With virus cases down, North Dakota resumes contact tracing
BISMARCK, N.D. (AP) — The North Dakota Department of Health said Tuesday it is reinstating contact tracing for all people who test positive for the coronavirus.
The department had cut back on much of its contact tracing among the general public in October as the virus surged, focusing on health care facilities, schools and universities. Officials asked other people to self-notify their close contacts.
Contact tracers notify individuals who have been within 6 feet of someone who tested positive for COVID-19 for more than 15 minutes in a 24-hour period, so they can quarantine.
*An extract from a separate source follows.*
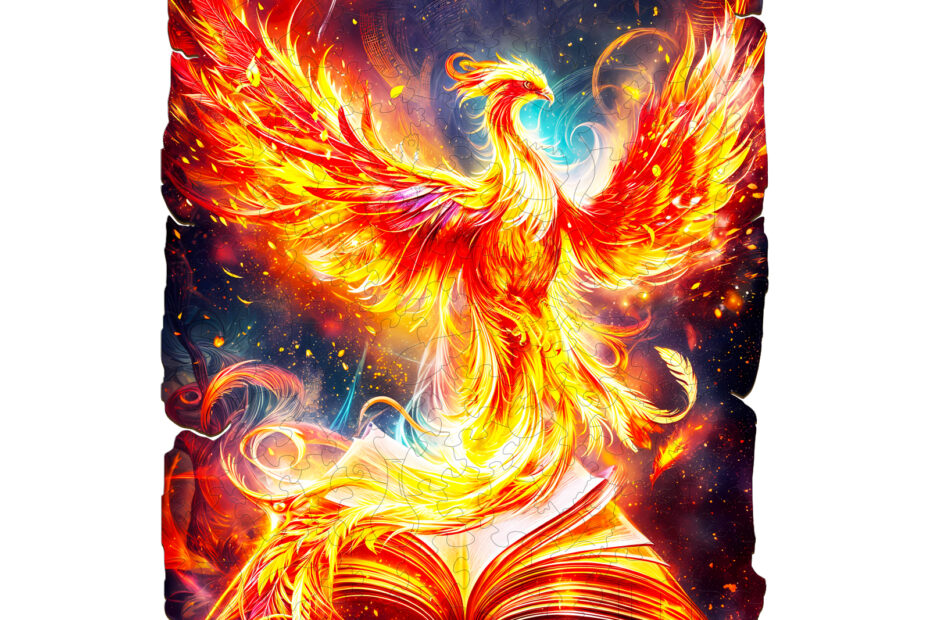 Tre puslespill – Phoenix Legends 66ebc6985f8ce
“Active cases and hospitalizations across North Dakota continue to decrease, and that’s promising,” Disease Control Director Kirby Kruger said in a statement. “To keep our numbers and hospital capacity manageable, we need individuals to continue to isolate when they test positive and quarantine when they are a close contact.”
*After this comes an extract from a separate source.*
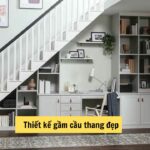 cẩm nang thiết kế gầm cầu thang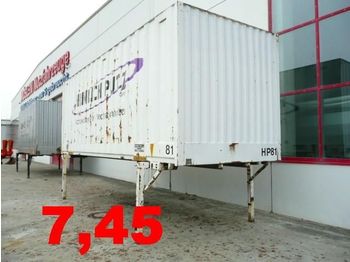  ZANDT CARGO BDF  Wechselkoffer 7,45 - Cassa mobile/ Container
The announcement comes after Gov. Doug Burgum signed an amended executive order that paved the way for bars and restaurants in North Dakota to return to regular hours of operation on Tuesday.
The food service establishments had been closed to in-person service between 10 a.m. and 4 a.m. since Nov. 16. The order Burgum signed Monday allows them to return to normal hours, consistent with any local requirements.
But to keep the virus in check, the bars and restaurants must follow other state and local rules, including limiting capacity to 50% and allowing no more than 150 people inside until Jan. 8. Social distancing, mask wearing and other precautions also remain in place.
“With the great efforts and personal responsibility of North Dakotans, the combination of the other mitigation measures we still have in place, and the promise and expanding deployment of vaccines, rapid tests and therapeutics, we can allow restaurants and bars to resume normal operating hours and still continue to protect the vulnerable, preserve hospital capacity and keep students in the classroom,” Burgum said in a statement.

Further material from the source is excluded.